## LISTED RECORDS

....................

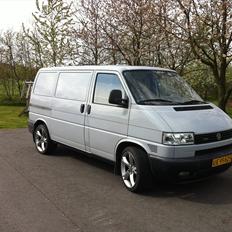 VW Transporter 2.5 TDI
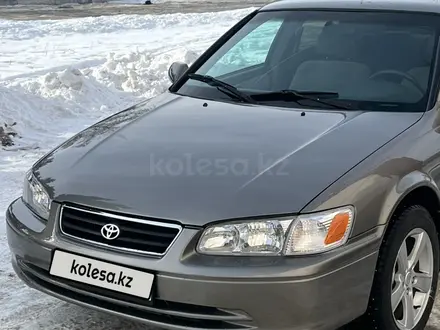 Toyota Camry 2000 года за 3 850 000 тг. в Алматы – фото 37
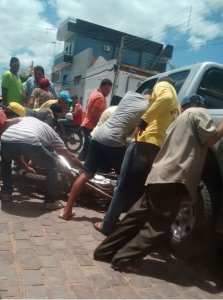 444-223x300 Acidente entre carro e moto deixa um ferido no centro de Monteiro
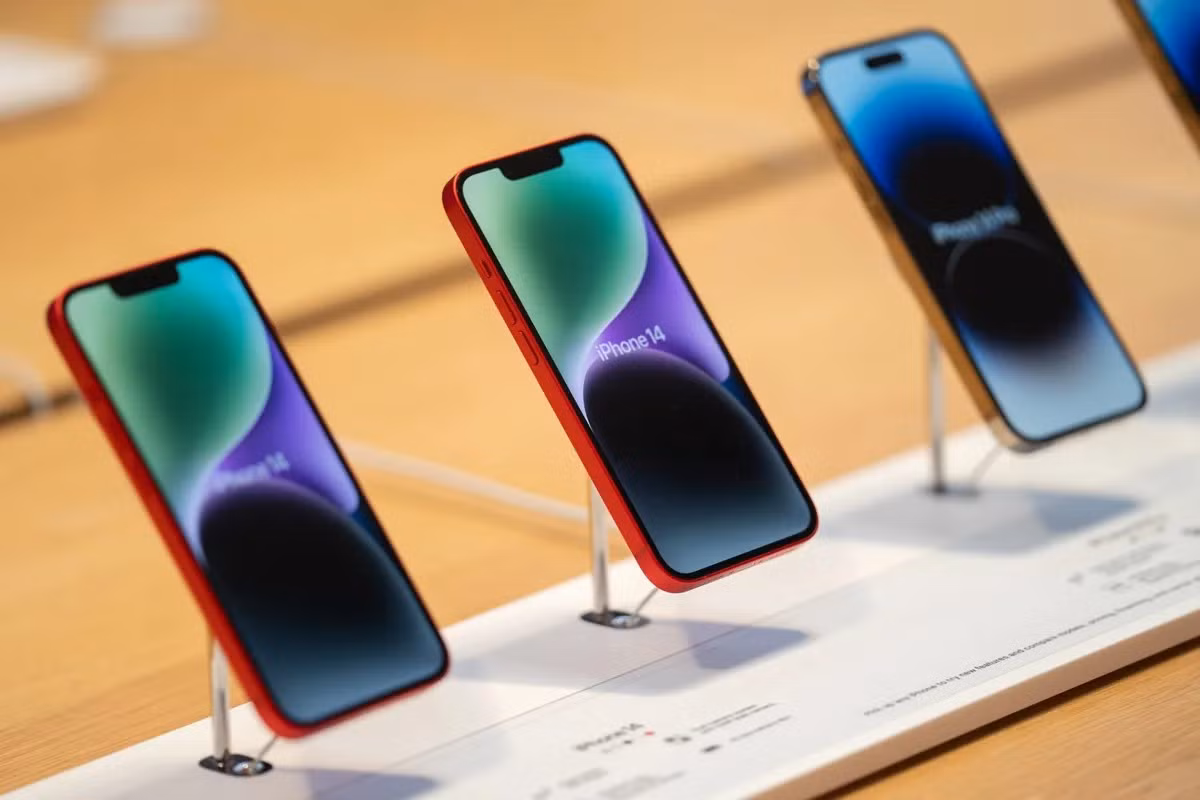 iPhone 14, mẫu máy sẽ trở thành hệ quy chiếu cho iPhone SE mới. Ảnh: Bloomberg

....................

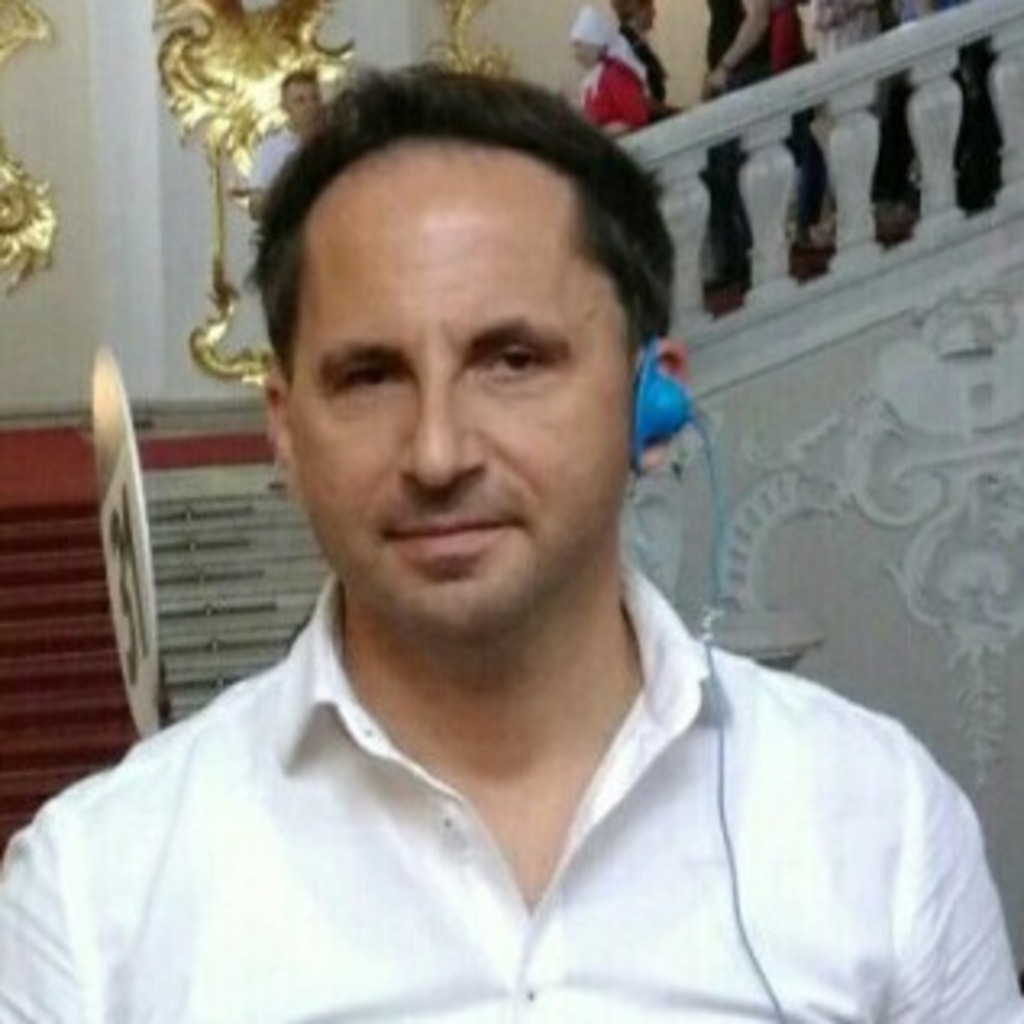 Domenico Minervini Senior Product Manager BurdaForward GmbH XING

....................

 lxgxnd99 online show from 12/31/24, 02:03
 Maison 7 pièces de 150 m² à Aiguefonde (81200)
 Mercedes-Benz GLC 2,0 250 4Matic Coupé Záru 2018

....................

## ABOUT THIS EXERCISE
Go to the line above holding "Toyota Camry 2000", then copy exactly each line down to and including the one holding "iPhone 14, mẫu", leaving pictures out.

## YOUR RESPONSE
 Toyota Camry 2000 года за 3 850 000 тг. в Алматы – фото 37
 444-223x300 Acidente entre carro e moto deixa um ferido no centro de Monteiro
 iPhone 14, mẫu máy sẽ trở thành hệ quy chiếu cho iPhone SE mới. Ảnh: Bloomberg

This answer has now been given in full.